Beyond that, I loved how they had different, fun galleries - Native American: representing American Indian life in western North America; American Rodeo: a lifelike 1950s era rodeo arena that showcased rodeo history, including champions, clothing and various memorabilia; Western Performers: a really fun gallery that was a tribute to the shaping of the movie cowboy, including Western stars such as John Wayne; and Prosperity Junction: a replica frontier town complete with the sights and sounds of the settlement at dusk.

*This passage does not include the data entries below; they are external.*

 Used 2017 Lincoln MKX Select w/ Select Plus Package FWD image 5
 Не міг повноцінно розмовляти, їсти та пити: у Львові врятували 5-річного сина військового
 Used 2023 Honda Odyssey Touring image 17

|The End of the Trail (c1894) by James Earle Fraser|
|James Arness & Roy Rogers in the Western Performers Gallery|
|Jim Shoulders, Bucking Broncs in the American Rodeo Gallery|
Once fortified, we headed over to the Oklahoma History Center for some more insight into this interesting state. They too took great pride in the stars and people in the film industry that have come from Oklahoma, such as Joan Crawford & Brad Pitt (who still comes to visit his grandmother here), and movies that have been filmed here, like "Grapes of Wrath" and "Twister". But one of the most unusual things inside the museum, I thought, was The Century Chest. It was a chest that had been sealed into the basement of The First English Lutheran Church back on April 22, 1913, then opened a century later by that same church. Inside were documents, a quilt, photos, newspapers, paintings, clothing, recordings, books, poetry, and messages from individuals and organizations in 1913 to the people of 2013. The project had been embraced by the entire state as citizens, tribes, businesses, community organizations and legislators all participated. All was on display and very cool. So many times we see things go into one of these chests, but this is the first time I've ever seen anything that has come out of one!

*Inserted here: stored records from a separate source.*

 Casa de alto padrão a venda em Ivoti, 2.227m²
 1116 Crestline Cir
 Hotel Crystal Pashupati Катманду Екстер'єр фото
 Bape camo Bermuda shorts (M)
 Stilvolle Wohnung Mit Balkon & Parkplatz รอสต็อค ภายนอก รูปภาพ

Outside was another cool display, it was Devon Oil & Gas Exploration Park, of all the really early oil rigs and various equipment.
We ended the day with a last stop at the beautiful Centennial Land Run Monument. What a magnificent multi-piece sculpture. Bigger than life, but so realistic you feel caught up in it, part of it. The energy is incredible, hard to describe. It's placed among Prairie Grass, as it would have been then, in a park along a creek, that takes up at least a block. Truly something to spend time at.
Later that night we came back to the famous Cattlemen's Steakhouse for dinner. I had to try their signature steak, the 20oz T Bone! Of course I took half of it home, but boy was it great, and what a wonderful way to end our stay in this terrific city!